* DIRECTIONS FOR THIS TASK
What appears from the first line of the data below through the line containing "Detail of dark", both included, should be copied exactly, and nothing else.

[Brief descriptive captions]
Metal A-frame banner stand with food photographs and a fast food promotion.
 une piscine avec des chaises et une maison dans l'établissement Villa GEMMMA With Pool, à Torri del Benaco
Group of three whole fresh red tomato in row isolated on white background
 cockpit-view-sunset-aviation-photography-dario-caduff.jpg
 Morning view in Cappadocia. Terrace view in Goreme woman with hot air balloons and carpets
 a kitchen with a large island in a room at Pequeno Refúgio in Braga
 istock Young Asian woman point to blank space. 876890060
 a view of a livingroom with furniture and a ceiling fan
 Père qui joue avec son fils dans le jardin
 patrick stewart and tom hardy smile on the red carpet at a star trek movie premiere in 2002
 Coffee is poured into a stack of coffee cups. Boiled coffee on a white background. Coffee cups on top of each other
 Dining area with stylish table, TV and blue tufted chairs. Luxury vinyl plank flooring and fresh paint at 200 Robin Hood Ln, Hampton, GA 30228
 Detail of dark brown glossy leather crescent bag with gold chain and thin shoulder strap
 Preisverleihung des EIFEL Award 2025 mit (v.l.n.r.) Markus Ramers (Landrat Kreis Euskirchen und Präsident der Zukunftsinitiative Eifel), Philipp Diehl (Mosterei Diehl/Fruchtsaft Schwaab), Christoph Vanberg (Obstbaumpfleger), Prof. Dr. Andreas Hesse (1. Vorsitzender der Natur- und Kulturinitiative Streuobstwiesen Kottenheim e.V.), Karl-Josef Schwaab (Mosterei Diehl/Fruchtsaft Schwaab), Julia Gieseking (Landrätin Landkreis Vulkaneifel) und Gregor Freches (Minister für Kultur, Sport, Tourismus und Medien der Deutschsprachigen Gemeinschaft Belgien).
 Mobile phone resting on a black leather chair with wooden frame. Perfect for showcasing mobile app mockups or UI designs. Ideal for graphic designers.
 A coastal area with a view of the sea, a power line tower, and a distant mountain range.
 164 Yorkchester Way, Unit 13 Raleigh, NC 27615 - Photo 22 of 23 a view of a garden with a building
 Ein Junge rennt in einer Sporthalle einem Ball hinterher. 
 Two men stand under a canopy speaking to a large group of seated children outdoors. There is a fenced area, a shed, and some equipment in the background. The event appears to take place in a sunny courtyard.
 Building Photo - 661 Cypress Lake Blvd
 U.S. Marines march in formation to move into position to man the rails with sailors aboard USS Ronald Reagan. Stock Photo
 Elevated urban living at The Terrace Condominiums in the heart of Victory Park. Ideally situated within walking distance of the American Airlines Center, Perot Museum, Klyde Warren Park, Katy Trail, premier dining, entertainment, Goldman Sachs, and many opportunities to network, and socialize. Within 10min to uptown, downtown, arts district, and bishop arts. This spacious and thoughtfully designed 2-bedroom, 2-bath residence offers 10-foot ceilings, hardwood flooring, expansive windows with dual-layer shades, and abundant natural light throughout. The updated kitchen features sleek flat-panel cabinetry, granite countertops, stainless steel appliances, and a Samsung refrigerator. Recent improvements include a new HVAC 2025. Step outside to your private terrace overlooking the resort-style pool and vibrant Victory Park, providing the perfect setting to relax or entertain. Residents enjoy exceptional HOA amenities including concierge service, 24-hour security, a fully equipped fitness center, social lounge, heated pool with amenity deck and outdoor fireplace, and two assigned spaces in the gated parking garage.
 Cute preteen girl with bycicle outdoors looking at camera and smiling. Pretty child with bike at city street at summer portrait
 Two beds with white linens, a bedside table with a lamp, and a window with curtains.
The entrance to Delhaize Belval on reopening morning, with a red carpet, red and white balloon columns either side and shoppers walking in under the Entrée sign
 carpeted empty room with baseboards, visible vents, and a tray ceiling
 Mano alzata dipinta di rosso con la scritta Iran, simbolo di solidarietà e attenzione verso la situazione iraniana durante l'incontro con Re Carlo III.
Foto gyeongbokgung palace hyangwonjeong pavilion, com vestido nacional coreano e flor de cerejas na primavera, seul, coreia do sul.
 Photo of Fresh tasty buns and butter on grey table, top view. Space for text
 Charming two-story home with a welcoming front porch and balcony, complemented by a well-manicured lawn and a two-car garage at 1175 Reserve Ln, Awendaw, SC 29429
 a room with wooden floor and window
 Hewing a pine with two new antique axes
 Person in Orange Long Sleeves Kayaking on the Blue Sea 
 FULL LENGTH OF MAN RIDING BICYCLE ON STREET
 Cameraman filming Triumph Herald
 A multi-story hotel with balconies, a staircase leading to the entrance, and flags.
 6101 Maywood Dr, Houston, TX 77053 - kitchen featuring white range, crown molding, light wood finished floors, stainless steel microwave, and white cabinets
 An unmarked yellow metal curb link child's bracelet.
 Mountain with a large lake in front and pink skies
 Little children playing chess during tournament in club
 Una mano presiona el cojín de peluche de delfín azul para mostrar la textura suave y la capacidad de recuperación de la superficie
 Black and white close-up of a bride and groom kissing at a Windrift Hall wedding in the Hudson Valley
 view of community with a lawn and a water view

* RESULT OF THE TASK
Metal A-frame banner stand with food photographs and a fast food promotion.
 une piscine avec des chaises et une maison dans l'établissement Villa GEMMMA With Pool, à Torri del Benaco
Group of three whole fresh red tomato in row isolated on white background
 cockpit-view-sunset-aviation-photography-dario-caduff.jpg
 Morning view in Cappadocia. Terrace view in Goreme woman with hot air balloons and carpets
 a kitchen with a large island in a room at Pequeno Refúgio in Braga
 istock Young Asian woman point to blank space. 876890060
 a view of a livingroom with furniture and a ceiling fan
 Père qui joue avec son fils dans le jardin
 patrick stewart and tom hardy smile on the red carpet at a star trek movie premiere in 2002
 Coffee is poured into a stack of coffee cups. Boiled coffee on a white background. Coffee cups on top of each other
 Dining area with stylish table, TV and blue tufted chairs. Luxury vinyl plank flooring and fresh paint at 200 Robin Hood Ln, Hampton, GA 30228
 Detail of dark brown glossy leather crescent bag with gold chain and thin shoulder strap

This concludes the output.